The escape: record a child's change as a diff inside the node we have to rewrite anyway, with the diff referencing the child's unchanged durable address. Only the rewritten spine nodes become new objects; everything they point at keeps its hash. The commit is still a single checkpoint whose root hash is the durability point — no separate write-ahead log.

The model

  • In-memory tree — an ordinary, balanced, lazily-loaded B-tree. It is the authoritative logical content; splits/merges/borrows happen normally.
  • Durable representation — immutable content-addressed objects forming the last-written ("anchored") structure, where each branch object additionally carries, per child, a diff (the child's logical changes since it was last written) and an aggregate snapshot ĝ = (count, measure) of the child's current subtree.
  • The buffer-vs-write decision rides the existing return protocol.
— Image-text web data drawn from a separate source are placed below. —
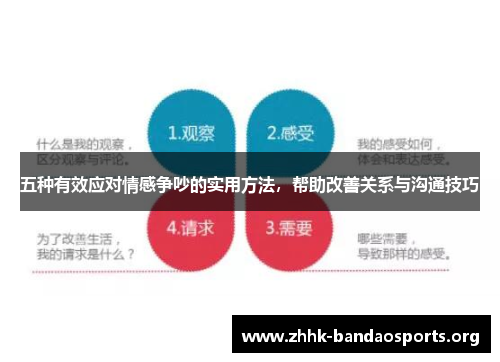 五种有效应对情感争吵的实用方法,帮助改善关系与沟通技巧 五种有效应对情感争吵的实用方法,帮助改善关系与沟通技巧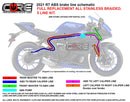 Core Moto Stainless Steel Brake Line Kit (5 lines) 2022 Yamaha R7 ABS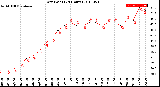 Milwaukee Weather Dew Point<br>(24 Hours)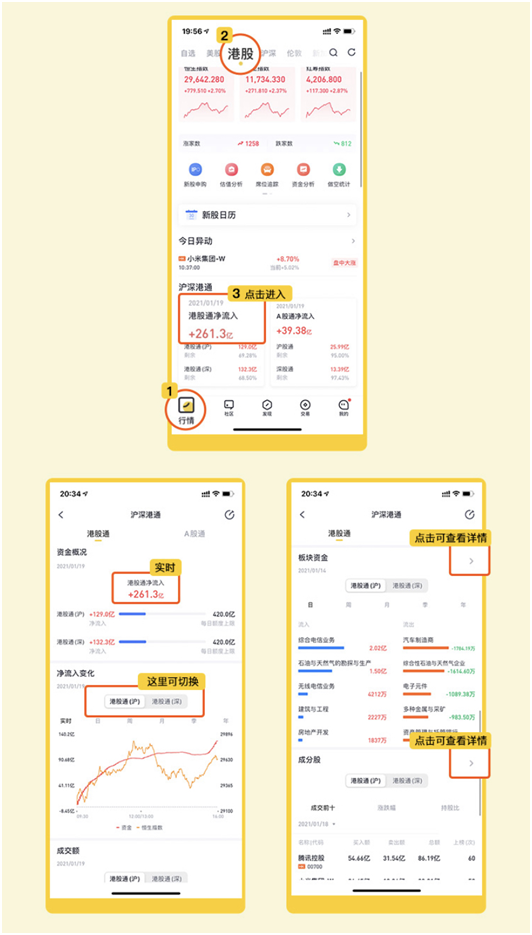 老虎證券：提高印花稅稅率，對港股潛在影響有多大？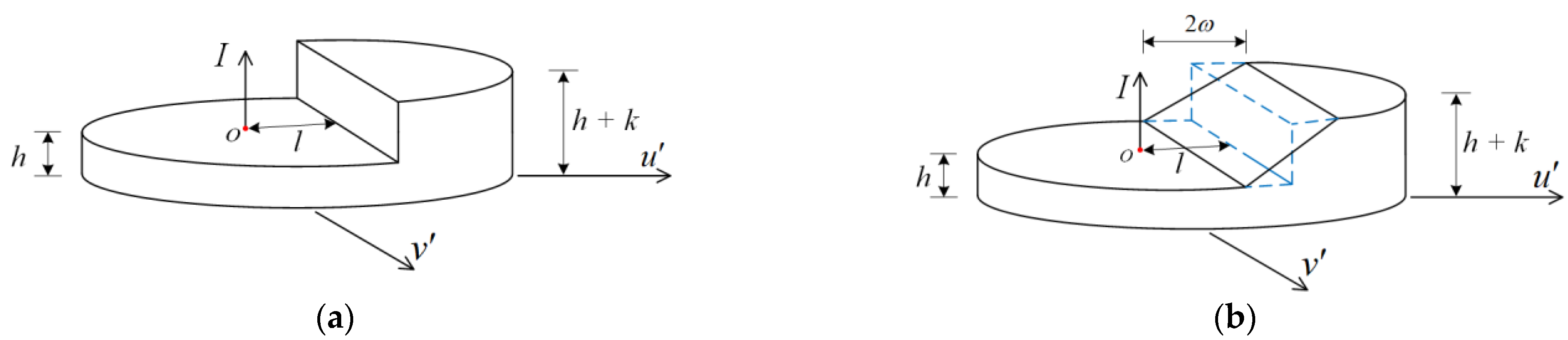 Applsci 13 00747 g002 Applsci 13 00747 g002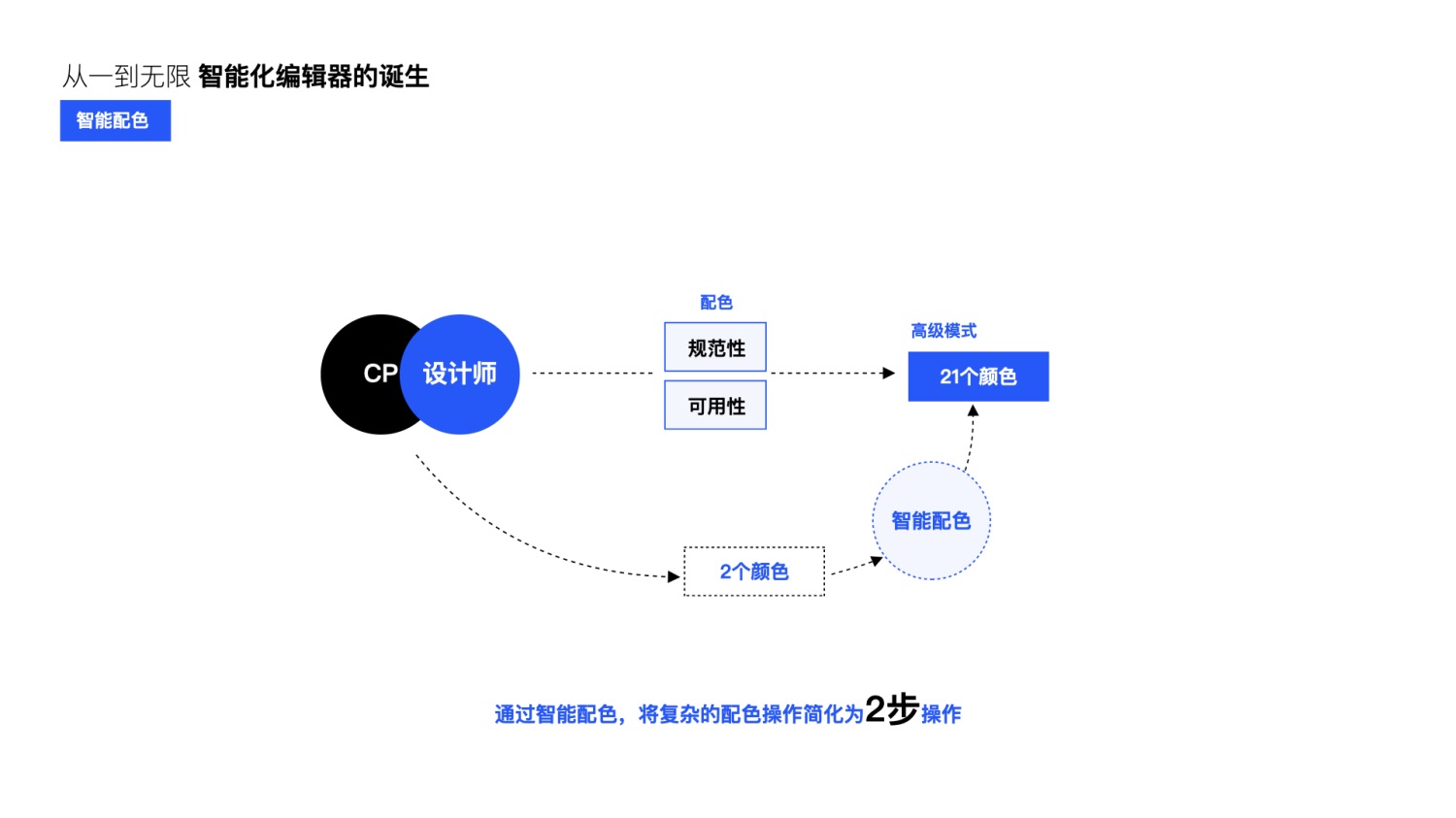 大厂能有多专业？看完QQ主题升级案例后我服了！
A mutation's return value already distinguishes a content-only change (a single returned node, incl. a max-key bump) from a structural one (a split/merge/borrow). On the return path each node accumulates the op's logical diff (key → Present | Absent) and refreshes ĝ; at store, a node that only changed content (no rebalance in its subtree, no child written under it) is buffered as a diff in its parent, while a node that rebalanced (or under which any child was written) is written in full, cascading to the root.
  • A buffered node has the same structure as its durable anchor — only its content differs. So the in-memory and durable structures never diverge: a rebalance is materialized on write the instant it happens. This is baseline PSS's store with exactly one change — content-only dirty nodes buffer instead of being written.

Objects

  • Durable branch object: ⟨ pivots pᵢ, child-addresses aᵢ, slotsᵢ ⟩, where pᵢ is child i's max key (PSS high-key convention), aᵢ is child i's durable content-address, and slotᵢ = (diffᵢ, ĝᵢ, maxKeyᵢ):
    • diffᵢ — child i's logical changes since aᵢ was written (grammar below);
    • ĝᵢ = (count, measure) — absolute snapshot of child i's current subtree;
    • maxKeyᵢ — child i's current (post-diff) max key = its parent separator.
  • Durable leaf object: just its keys (leaves carry no slots).
  • materialize / reconstruct: load object a; a leaf yields its keys; a branch materializes each child i lazily as apply(diffᵢ, reconstruct(aᵢ)), sets the branch's per-child (count, measure) from ĝᵢ (no re-summing), and its separator pᵢ from maxKeyᵢ.

Durable layout

Each box below is one content-addressed object — one PUT, one GET. A branch object lays out three parallel arrays plus a sparse slot map keyed by child index:

  ┌ branch object  @aR  ─────────────────────────────────────────────┐
  │ level    2                                                       │
  │ pivots   [  p0     p1     p2  ]   child max keys (high-key sep.) │
  │ addrs    [  a0     a1     a2  ]   children's DURABLE addresses   │
  │ slots    {  0:S0          2:S2 }  per-child diff — SPARSE        │
  └────────┬────────────────────┬────────────────────┬───────────────┘
       a0  │                a1  │                a2  │    (child 1 has no slot →
           ▼                    ▼                    ▼     load @a1 verbatim)
   ┌ @a0 ──────────┐    ┌ @a1 ──────────┐    ┌ @a2 ──────────┐
   │ child 0's     │    │ child 1's     │    │ child 2's     │  each aᵢ points at the child's
   │ last-WRITTEN  │    │ last-WRITTEN  │    │ last-WRITTEN  │  last-written object (its *anchor*),
   │ object        │    │ object        │    │ object        │  unchanged even when Sᵢ holds a diff
   └───────────────┘    └───────────────┘    └───────────────┘
  • slotᵢ = Sᵢ = (diffᵢ, ĝᵢ = (count, measure), maxKeyᵢ). A child with no pending change has no entry (child 1 above) → it is loaded verbatim from aᵢ.
  • aᵢ is the child's anchor — the address of its last fully-written object. Buffering a change to child i leaves aᵢ untouched and records the change in Sᵢ; the anchor is only replaced (and the old one markFreed) when the child is itself written.
  • The arrays/slots are stored verbatim only in written nodes; a buffered branch has no object of its own this commit — it lives entirely inside its parent's slot (see the lifecycle below).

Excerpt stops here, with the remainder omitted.